● Instructions to follow: Print all of the entries exactly, minus the pictures.
====
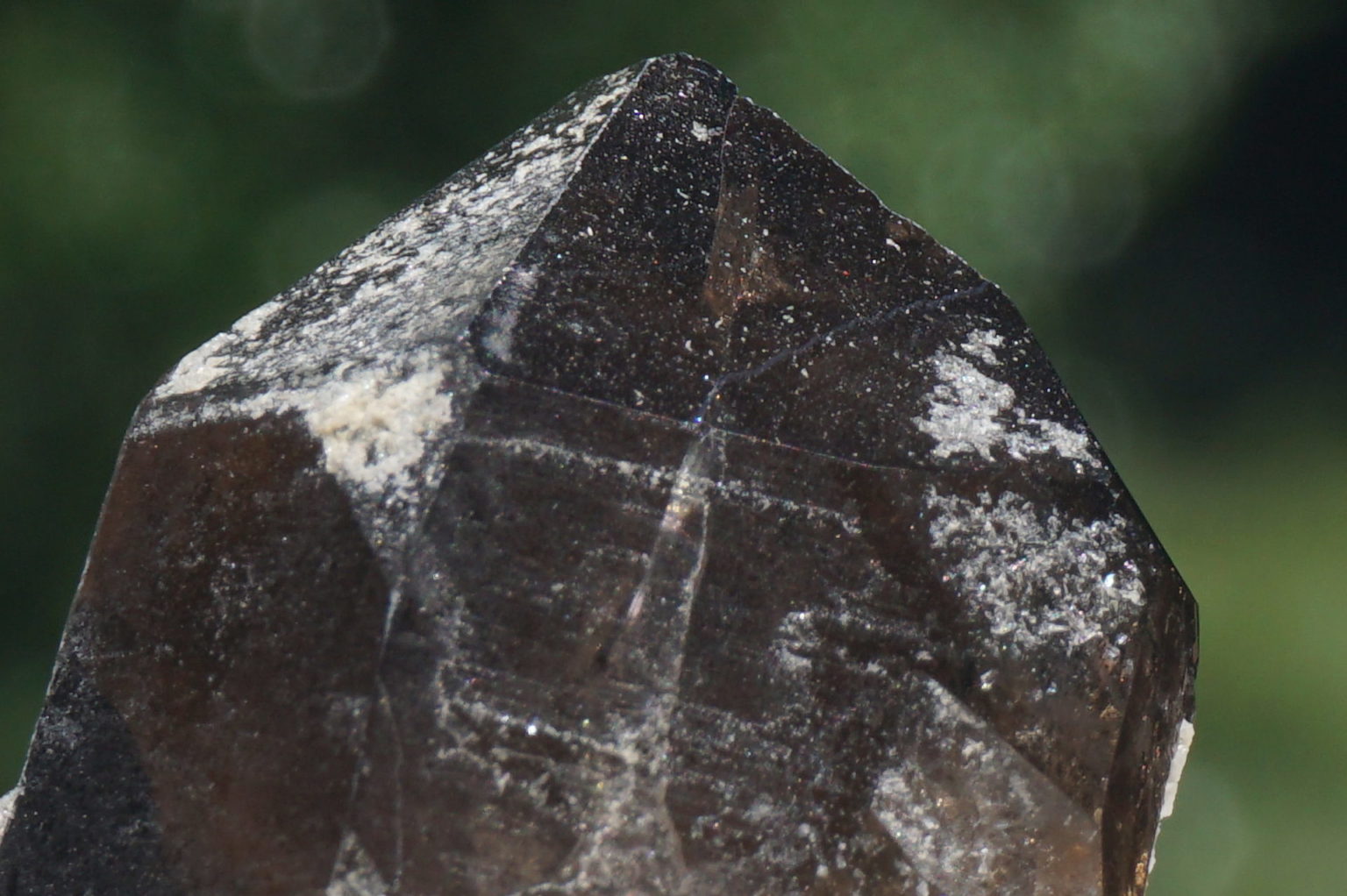 nakatsugawa-smokey86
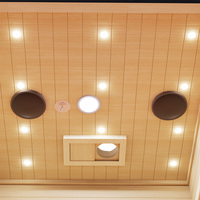 Venta caliente una persona Light Wave Room Saunas Low Emf Smart Sauna Room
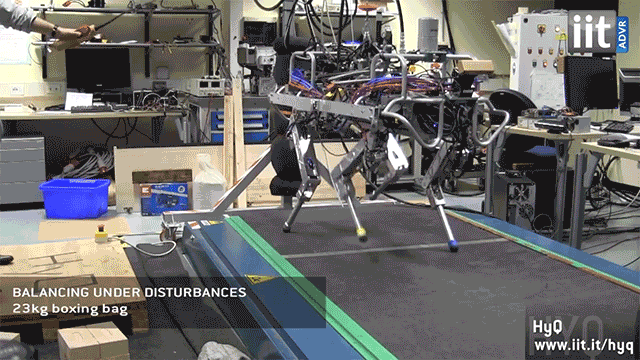 The Robots Of Tomorrow Aren’t So Scary When They’re Getting Beat Up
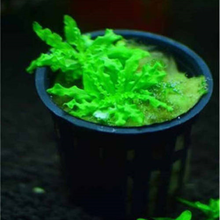 [抖音推荐]鱼缸装饰水草种子活体淡水真植物牛毛莫斯养鱼养虾造景牛毛草坪泥 06号大喷泉6000粒
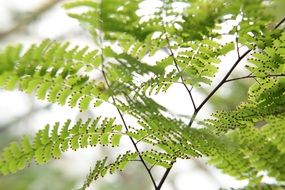 gorgeous leaves tiny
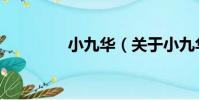 小九華(關于小九華簡介)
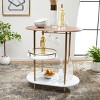 Iva 3 Tier Swivel Bar Table - BCT8007 - Safavieh - 2 of 4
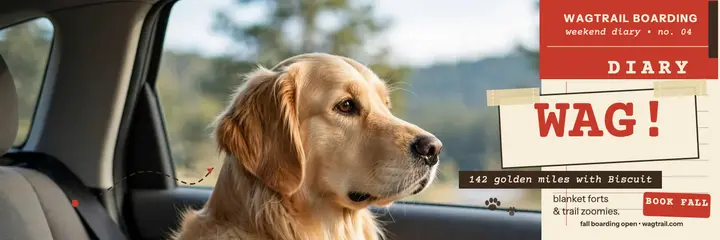 Wagtrail road trip diary header: dog boarding x header template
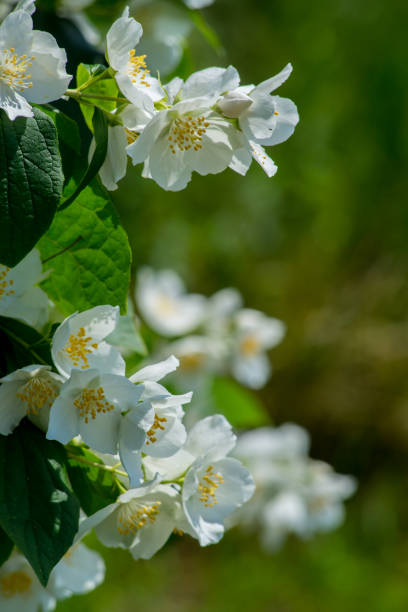 istock closeup to white jasmine flowers 695414732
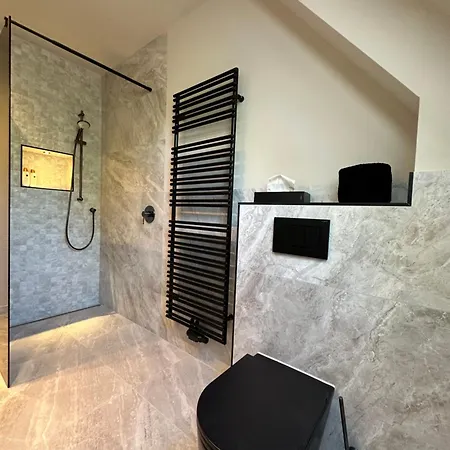 Apartment * Stadtvilla * * Aussergewoehnlich * 2 Zimmerwohnung * Zentrumsnah Plauen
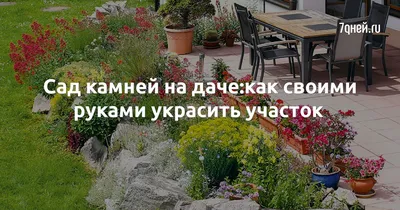 https://76.ru/text/spring/2023/04/27/72246212/
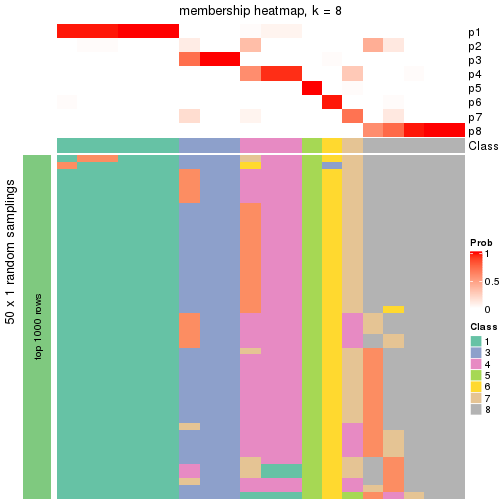 plot of chunk tab-node-03-membership-heatmap-7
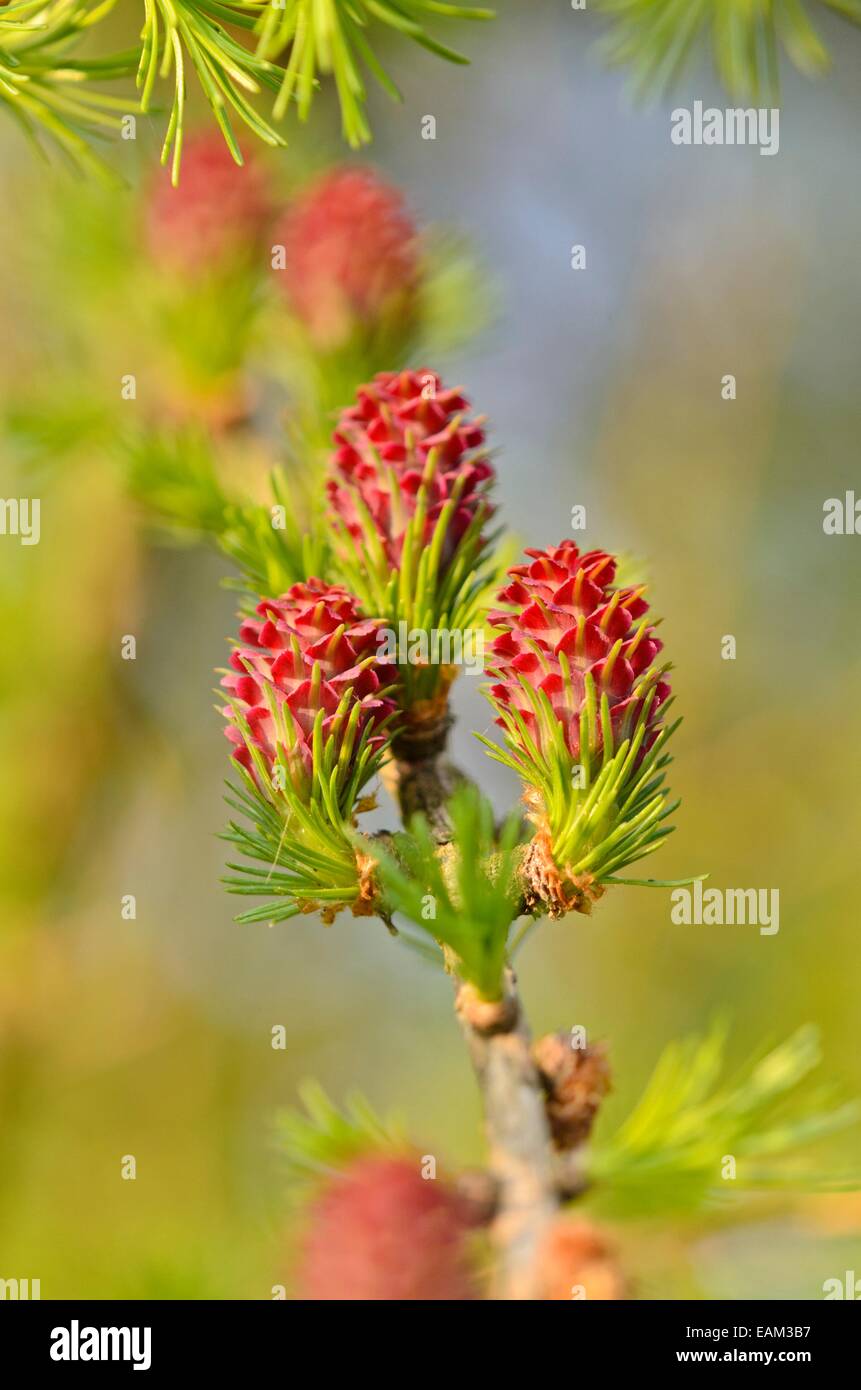 Unione larice (Larix decidua) Foto Stock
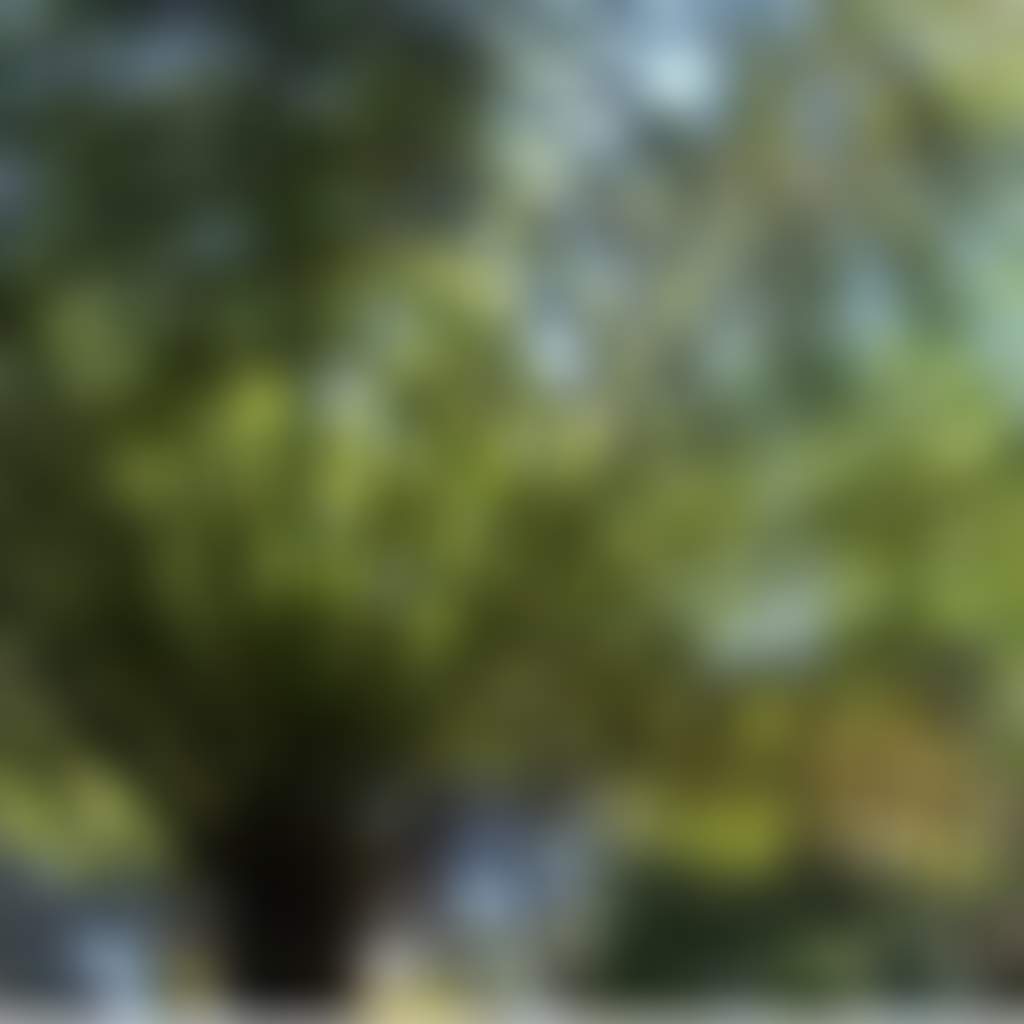 Cabbage Tree Palm 2 Resize 1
====
● Answer below:
 nakatsugawa-smokey86
 Venta caliente una persona Light Wave Room Saunas Low Emf Smart Sauna Room
 The Robots Of Tomorrow Aren’t So Scary When They’re Getting Beat Up
 [抖音推荐]鱼缸装饰水草种子活体淡水真植物牛毛莫斯养鱼养虾造景牛毛草坪泥 06号大喷泉6000粒
 gorgeous leaves tiny
 小九華(關于小九華簡介)
 Iva 3 Tier Swivel Bar Table - BCT8007 - Safavieh - 2 of 4
 Wagtrail road trip diary header: dog boarding x header template
 istock closeup to white jasmine flowers 695414732
 Apartment * Stadtvilla * * Aussergewoehnlich * 2 Zimmerwohnung * Zentrumsnah Plauen
 https://76.ru/text/spring/2023/04/27/72246212/
 plot of chunk tab-node-03-membership-heatmap-7
 Unione larice (Larix decidua) Foto Stock
 Cabbage Tree Palm 2 Resize 1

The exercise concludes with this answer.